Aim: To apply data pre-processing techniques on a given dataset using Python, including attribute selection, handling missing values, data discretization, and the detection and elimination of outliers to prepare data for machine learning models.
import pandas as pd
dataset={'Roll#':[4301,4302,4303,4304,4305,4306],'Name':['Akhil','Pavan','Yuvan','Rajesh','Suresh','Mahesh'],'StudyHrs':[0.2,2,None,3,None,1],'ExamScore':[48,79,'FAIL',87,'FAIL',62],'Age':[18,17,18,18,17,19]}
data=pd.DataFrame(dataset)
print('\n',data)
#drop unrequired columns = Attribute Selection
data_selected = data.drop(['Roll#', 'Name'], axis=1) #Axis=0 ===> Rows (Moves down). This is the default #Axis=1===> Columns (Moves across --->)
print("After Attribute Selection:\n", data_selected)
#Handling missing values; here the NaN are replaced with mean() values of the corresponding column
# 'coerce' converts None to NaN, without interrupting the code execution
# 'raise' --> It escalates the error i.e., stops execution if the column is not a number
# 'ignore' --> ignore any error; example '1'+'1' = '11' but not 2, as strings are not converted to numbers
data_selected['ExamScore'] = pd.to_numeric(data_selected['ExamScore'], errors='coerce')
data_selected['StudyHrs'] = data_selected['StudyHrs'].fillna(data_selected['StudyHrs'].mean()) # Fill StudyHrs NaNs (Not a Numbers) with the mean of the column
data_selected['ExamScore'] = data_selected['ExamScore'].fillna(data_selected['ExamScore'].mean()) # Fill ExamScore NaNs (previously 'FAIL') with 0 or the mean
print('After Handling Missing Values:\n', data_selected)
# discretization = forming ranges
bins = [0, 40, 50, 60, 80, 100] # 6 Edges = 5 Bins
labels = ['Fail', 'Third Class', 'Second Class', 'First Class', 'Distinction'] # 5 Labels (Must match the number of ranges)
data_selected['Grade'] = pd.cut(data_selected['ExamScore'], bins=bins, labels=labels)
print('After Discretization: \n',data_selected)
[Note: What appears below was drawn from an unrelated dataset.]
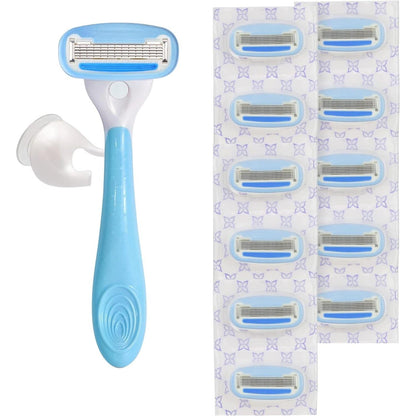 Basics_5-Blade_Razor_for_Women,_Handle,_12_Cartridges_&_Shower_Hanger_(Cartridges_fit_Basics_Razor_Handles_only)_14_Piece_Set,_Blue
#removing outliers = discarding the values lesser than the average, as they distract the data analysis process
data_final = data_selected[data_selected['StudyHrs'] > 0.5] # We only keep rows where StudyHrs > 0.5
print("Final Data (Outlier Removed):\n", data_final)
What is data pre-processing in machine learning?
Data pre-processing is the step of cleaning and transforming raw data into a suitable format for machine learning models. It improves data quality and model performance.
What is attribute (feature) selection and why is it needed?
Attribute selection is the process of choosing relevant features and removing irrelevant or redundant ones. It reduces dimensionality and prevents overfitting.
Name two methods used for attribute selection.
Filter methods (correlation, chi-square) and wrapper methods (forward selection, backward elimination) are commonly used for attribute selection.
What are missing values in a dataset?
Missing values occur when data for an attribute is not recorded or unavailable. They are usually represented as NaN, NULL, or None.
How can missing values be handled in Python?
Missing values can be handled by deletion or by imputation using mean, median, mode, or a constant value.
What is data discretization?
Data discretization is the process of converting continuous numerical attributes into discrete intervals or categories. It simplifies data and improves interpretability.
Mention two discretization techniques.
Equal-width binning and equal-frequency (quantile) binning are common discretization techniques.
What is an outlier in a dataset?
An outlier is a data point that significantly deviates from the normal pattern of the dataset. It may arise due to errors or rare events.
How are outliers detected in data pre-processing?
Outliers can be detected using statistical methods such as Z-score, IQR (Interquartile Range), or visualization techniques like box plots.
Why should outliers be eliminated or treated before training a model?
Outliers can distort model training and reduce accuracy. Eliminating or treating them leads to more reliable and stable machine learning models.